Here are ways to build data literacy, adapted from Venngage:
📑 Additional resource on boosting data literacy
A lot of data literacy also relies on domain knowledge or ghost knowledge, information you only learn from being immersed in a field. Examples of domain knowledge I have acquired from being in the field of education research include:
If researchers tell me they are analyzing longitudinal data, I know I need to account for time in the data in some way (ex: add a time variable). If researchers are clustering data, I know I need to account for that cluster in the data in some way (ex: add a cohort variable). I know if we have multiple forms or forms across time, we have to link our data and I need to add a unique study id to link data.
There are school districts we work with that send us student level discipline data (ex: number of OSS or ISS referrals). They do not have codebooks or data dictionaries for these data. However, I know from working with these districts and having conversations with them, that if there are no referrals for a student, they leave a cell blank (rather than enter a zero). If I did not have this domain knowledge, I would assume the information is simply missing.
Similarly, I know from working with certain districts as well as state education agencies and having conversations with them, that how test scores are collected or scored have changed across years. Again, most of these agencies don’t usually have codebooks or data dictionaries but I have learned this through conversations and by noticing differences in score ranges over time.
Again, from working with districts and states, I know to prepare for inconsistencies in data. I’ve seen variable names change over time. I’ve also seen the variables collected change over time. And sometimes, across time, variables with the exact same name are no longer measuring the same thing (another reason why documentation is so important).
I know what you may be thinking here. Earlier I said that the interpretation of a data cleaning plan should not require any technical knowledge. This is still true. However, the person who writes the data cleaning plan still needs to have a basic understanding of the software that is used to collect the data and any software that will be used to clean or analyze the data. This knowledge will inform the steps you add to a data cleaning plan.
Become familiar with the following:
While everything above is absolutely imperative to the data cleaning process, this may actual be the most important step in developing a data cleaning plan. If you don’t know a) how your data is collected, and b) how researchers plan to analyze the data, then you have no roadmap for data cleaning. This is where you learn things such as:
Source: Data accounting spreadsheet from Aleata Hubbard
This initial meeting with stakeholders, prior to data collection or even prior to building data collection tools, is a great time to start your documentation. This should not just be one initial meeting though. While the PIs may only need to be brought in at the beginning, a data manager should meet with the coordinators more frequently to monitor changes to the data collection instruments, any new measures added, changes in data collection protocol, or any unanticipated hiccups. Any updates should be documented in things such as protocols, codebooks, data dictionaries, or a data cleaning timeline. After data is cleaned, data teams should consider having data reviews with project coordinators to cover what data issues were encountered and what could the team have done better.
Before we can start writing our data cleaning plan, we need to understand what structure we need our data to be in for analysis.

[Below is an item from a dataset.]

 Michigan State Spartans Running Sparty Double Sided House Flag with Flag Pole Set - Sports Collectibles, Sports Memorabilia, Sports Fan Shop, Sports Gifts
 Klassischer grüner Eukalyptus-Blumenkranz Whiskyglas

In the world of quantitative education research, we are most likely trying to create rectangular datasets (rows and columns) that are machine readable, rather than having data in text files (ex:pdf), video recordings, xml, etc. Even in qualitative research, we are often wrangling data to be in a format that is analyzable and allows categorization.
The two ways data will need to be structured for the field of education are wide or long. The simplest way to think about wide is that all data collected on a unique participant will be in one row. The easiest scenario to see this is with repeated measure data. If we collect a survey on participants in wave 1 and 2, those waves of data will all be in the same row (merged/joined together on a unique ID) and each wave of data collection will be appended to a variable name to create unique variable names.
In long data, a participant can repeat in your dataset. Again, the most straight forward way to think about this is with repeated measure data, where each row will be a new time point for a participant. This is often called appending data. In this scenario, we no longer need to append the data collection wave to variable names. However, we would need to add a time period variable to denote the wave associated with each row of data.
There are different reasons for constructing your data one way or another. For example, repeated measure procedures typically require data to be in wide format, where the unit of analysis is the subject. While mixed model procedures typically required data to be in long format, where the unit of analysis is each measurement for the subject.
The thing is, it is very easy to restructure data from one way to another. So my opinion is, the easiest way to manage data is to:
Don’t merge data until you have to. It is much simpler, in terms of data management and syntax writing, to keep variable names consistent over time.
Don’t append any time periods to variable names or add a time variable to your data until you have to (this can all be added very easily in your syntax). You will know what time period is associated with the data file based on the file name and storage location.
Once someone requests data or you need it for your own purposes, then you can add a time variable or append time to variable names as needed, and merge or append data across time. Just make sure to ask the requester what format they want their data in.
📑 The Analysis Factor has a great blog post on things to consider when choosing between long and wide format.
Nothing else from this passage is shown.